**PROBLEM REQUIREMENTS**
Copy exactly the stretch of data below from the line with "INGLEWOOD, CALIFORNIA - FEBRUARY" through the line with "two beds in", including both of those lines.

(Records from a dataset)
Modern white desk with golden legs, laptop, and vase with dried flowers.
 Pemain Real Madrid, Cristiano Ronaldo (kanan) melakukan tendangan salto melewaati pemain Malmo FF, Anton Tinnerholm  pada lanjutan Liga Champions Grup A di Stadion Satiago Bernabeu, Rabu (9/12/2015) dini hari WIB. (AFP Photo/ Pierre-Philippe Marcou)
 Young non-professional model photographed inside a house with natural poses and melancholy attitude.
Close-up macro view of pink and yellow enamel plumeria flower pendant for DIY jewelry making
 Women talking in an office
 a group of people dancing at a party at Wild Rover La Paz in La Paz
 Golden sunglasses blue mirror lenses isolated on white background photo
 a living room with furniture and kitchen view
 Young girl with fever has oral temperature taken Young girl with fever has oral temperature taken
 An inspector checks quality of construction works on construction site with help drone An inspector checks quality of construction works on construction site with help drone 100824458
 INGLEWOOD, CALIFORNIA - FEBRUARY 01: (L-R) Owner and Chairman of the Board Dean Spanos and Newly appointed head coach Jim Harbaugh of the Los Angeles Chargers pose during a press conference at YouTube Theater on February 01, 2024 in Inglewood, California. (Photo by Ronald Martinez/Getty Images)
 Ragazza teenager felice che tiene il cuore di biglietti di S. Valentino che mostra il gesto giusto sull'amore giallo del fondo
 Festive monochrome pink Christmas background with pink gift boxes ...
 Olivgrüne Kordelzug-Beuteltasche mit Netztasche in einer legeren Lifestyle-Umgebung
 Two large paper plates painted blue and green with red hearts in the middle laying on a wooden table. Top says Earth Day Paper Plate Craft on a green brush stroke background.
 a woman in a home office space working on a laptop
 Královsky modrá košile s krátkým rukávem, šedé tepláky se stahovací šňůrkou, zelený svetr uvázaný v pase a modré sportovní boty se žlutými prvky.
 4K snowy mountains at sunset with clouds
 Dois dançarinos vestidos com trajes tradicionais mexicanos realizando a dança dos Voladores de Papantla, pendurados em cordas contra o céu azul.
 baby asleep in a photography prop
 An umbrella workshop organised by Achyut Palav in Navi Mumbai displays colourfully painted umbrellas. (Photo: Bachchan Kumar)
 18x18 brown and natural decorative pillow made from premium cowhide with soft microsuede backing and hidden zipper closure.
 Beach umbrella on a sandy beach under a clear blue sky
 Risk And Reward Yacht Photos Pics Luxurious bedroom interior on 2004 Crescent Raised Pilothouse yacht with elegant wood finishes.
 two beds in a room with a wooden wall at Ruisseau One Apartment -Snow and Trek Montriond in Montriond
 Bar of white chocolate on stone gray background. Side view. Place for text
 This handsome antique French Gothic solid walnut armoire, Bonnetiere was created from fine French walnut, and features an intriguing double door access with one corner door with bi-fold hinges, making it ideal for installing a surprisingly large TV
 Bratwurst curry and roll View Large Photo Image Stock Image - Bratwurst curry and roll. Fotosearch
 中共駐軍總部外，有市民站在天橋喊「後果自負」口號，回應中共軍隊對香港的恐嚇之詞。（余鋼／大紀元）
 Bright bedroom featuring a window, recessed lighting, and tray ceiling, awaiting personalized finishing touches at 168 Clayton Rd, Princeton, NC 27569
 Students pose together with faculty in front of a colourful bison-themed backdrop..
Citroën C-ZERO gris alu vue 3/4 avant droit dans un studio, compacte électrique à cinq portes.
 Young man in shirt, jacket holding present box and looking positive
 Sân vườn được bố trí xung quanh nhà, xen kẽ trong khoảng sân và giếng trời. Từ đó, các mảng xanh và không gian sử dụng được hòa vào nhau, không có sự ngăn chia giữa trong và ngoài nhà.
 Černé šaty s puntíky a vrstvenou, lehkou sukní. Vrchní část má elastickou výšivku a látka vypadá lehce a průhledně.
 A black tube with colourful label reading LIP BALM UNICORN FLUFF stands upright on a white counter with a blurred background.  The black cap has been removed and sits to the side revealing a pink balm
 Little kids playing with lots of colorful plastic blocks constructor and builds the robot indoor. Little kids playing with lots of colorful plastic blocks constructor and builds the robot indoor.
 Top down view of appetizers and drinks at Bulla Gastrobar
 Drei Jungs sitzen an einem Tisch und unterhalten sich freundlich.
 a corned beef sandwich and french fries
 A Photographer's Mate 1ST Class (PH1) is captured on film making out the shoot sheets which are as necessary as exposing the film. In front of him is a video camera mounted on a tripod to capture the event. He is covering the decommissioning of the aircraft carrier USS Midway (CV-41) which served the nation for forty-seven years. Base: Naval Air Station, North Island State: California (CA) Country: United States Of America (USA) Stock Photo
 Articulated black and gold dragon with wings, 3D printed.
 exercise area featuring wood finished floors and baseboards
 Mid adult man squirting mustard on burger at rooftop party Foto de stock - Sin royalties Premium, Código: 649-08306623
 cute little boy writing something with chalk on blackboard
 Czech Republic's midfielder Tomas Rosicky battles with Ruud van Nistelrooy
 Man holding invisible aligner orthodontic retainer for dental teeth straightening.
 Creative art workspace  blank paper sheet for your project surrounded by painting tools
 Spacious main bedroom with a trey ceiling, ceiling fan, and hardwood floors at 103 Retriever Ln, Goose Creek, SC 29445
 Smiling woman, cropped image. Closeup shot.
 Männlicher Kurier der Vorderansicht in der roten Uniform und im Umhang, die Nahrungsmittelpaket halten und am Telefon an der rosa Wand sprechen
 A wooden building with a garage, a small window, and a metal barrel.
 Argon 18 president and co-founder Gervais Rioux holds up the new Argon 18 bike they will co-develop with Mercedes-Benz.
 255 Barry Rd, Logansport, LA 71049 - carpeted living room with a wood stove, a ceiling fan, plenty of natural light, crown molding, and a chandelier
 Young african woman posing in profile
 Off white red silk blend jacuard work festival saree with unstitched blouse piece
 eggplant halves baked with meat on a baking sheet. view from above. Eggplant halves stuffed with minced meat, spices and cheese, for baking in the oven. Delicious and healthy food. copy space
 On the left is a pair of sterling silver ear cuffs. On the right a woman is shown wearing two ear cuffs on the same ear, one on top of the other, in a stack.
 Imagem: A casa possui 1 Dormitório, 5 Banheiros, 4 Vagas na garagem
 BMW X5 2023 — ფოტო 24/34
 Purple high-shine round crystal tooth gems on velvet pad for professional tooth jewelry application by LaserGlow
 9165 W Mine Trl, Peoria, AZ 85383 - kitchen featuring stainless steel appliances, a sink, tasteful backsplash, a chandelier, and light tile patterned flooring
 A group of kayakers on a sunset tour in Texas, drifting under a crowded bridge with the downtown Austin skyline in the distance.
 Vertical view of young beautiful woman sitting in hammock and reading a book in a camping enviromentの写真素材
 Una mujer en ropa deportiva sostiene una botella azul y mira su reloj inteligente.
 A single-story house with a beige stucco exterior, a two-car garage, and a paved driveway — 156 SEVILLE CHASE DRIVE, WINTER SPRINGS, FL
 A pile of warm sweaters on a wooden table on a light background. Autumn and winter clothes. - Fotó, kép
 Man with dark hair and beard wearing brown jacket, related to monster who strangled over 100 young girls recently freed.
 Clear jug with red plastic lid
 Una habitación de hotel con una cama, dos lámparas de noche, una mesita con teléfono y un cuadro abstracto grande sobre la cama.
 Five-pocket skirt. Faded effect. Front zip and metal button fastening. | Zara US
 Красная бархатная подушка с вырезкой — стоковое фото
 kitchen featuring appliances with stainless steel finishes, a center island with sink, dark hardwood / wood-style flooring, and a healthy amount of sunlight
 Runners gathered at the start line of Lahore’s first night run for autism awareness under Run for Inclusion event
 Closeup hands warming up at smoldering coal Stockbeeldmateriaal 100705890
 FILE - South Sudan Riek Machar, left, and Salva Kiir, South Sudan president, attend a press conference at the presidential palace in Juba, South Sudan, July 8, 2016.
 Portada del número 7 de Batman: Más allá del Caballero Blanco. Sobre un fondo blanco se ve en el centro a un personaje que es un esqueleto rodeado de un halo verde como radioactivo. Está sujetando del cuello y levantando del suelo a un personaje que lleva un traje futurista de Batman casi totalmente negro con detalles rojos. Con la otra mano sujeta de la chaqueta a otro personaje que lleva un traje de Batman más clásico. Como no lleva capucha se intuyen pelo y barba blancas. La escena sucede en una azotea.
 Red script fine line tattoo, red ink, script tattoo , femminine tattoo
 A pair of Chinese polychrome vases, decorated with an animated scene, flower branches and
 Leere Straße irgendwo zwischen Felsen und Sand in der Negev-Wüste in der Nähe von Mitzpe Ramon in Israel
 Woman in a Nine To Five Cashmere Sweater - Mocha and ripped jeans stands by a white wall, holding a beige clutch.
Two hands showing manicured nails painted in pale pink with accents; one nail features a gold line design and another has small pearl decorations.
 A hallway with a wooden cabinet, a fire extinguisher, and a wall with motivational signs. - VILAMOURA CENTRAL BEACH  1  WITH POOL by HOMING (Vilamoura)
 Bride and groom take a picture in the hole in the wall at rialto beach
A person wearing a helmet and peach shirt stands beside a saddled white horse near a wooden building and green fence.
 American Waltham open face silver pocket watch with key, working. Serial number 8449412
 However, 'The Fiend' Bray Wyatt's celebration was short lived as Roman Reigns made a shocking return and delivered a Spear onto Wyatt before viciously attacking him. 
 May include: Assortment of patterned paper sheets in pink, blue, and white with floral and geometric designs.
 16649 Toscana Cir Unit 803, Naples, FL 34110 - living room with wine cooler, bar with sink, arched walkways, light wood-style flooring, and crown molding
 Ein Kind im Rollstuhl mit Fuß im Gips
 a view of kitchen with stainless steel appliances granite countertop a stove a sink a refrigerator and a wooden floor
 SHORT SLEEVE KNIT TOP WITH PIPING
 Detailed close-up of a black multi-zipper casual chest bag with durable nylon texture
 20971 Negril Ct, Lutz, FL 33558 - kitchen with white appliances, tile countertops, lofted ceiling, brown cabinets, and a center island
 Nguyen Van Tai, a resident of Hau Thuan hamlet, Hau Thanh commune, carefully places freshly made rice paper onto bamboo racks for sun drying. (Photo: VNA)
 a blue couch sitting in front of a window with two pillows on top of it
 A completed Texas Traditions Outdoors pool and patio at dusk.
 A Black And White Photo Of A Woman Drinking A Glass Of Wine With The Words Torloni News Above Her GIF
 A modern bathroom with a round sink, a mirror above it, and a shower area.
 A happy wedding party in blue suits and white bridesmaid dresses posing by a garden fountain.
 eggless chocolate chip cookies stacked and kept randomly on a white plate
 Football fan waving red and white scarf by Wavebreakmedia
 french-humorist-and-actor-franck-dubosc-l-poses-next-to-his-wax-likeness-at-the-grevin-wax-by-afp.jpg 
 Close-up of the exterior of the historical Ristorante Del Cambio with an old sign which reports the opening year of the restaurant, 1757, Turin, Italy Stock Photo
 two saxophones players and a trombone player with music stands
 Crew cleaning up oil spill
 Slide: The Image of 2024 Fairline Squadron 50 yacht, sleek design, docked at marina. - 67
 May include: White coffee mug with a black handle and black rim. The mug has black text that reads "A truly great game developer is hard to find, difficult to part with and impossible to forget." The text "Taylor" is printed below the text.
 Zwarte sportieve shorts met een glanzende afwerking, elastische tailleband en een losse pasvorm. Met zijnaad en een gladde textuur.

**EXERCISE SOLUTION**
 INGLEWOOD, CALIFORNIA - FEBRUARY 01: (L-R) Owner and Chairman of the Board Dean Spanos and Newly appointed head coach Jim Harbaugh of the Los Angeles Chargers pose during a press conference at YouTube Theater on February 01, 2024 in Inglewood, California. (Photo by Ronald Martinez/Getty Images)
 Ragazza teenager felice che tiene il cuore di biglietti di S. Valentino che mostra il gesto giusto sull'amore giallo del fondo
 Festive monochrome pink Christmas background with pink gift boxes ...
 Olivgrüne Kordelzug-Beuteltasche mit Netztasche in einer legeren Lifestyle-Umgebung
 Two large paper plates painted blue and green with red hearts in the middle laying on a wooden table. Top says Earth Day Paper Plate Craft on a green brush stroke background.
 a woman in a home office space working on a laptop
 Královsky modrá košile s krátkým rukávem, šedé tepláky se stahovací šňůrkou, zelený svetr uvázaný v pase a modré sportovní boty se žlutými prvky.
 4K snowy mountains at sunset with clouds
 Dois dançarinos vestidos com trajes tradicionais mexicanos realizando a dança dos Voladores de Papantla, pendurados em cordas contra o céu azul.
 baby asleep in a photography prop
 An umbrella workshop organised by Achyut Palav in Navi Mumbai displays colourfully painted umbrellas. (Photo: Bachchan Kumar)
 18x18 brown and natural decorative pillow made from premium cowhide with soft microsuede backing and hidden zipper closure.
 Beach umbrella on a sandy beach under a clear blue sky
 Risk And Reward Yacht Photos Pics Luxurious bedroom interior on 2004 Crescent Raised Pilothouse yacht with elegant wood finishes.
 two beds in a room with a wooden wall at Ruisseau One Apartment -Snow and Trek Montriond in Montriond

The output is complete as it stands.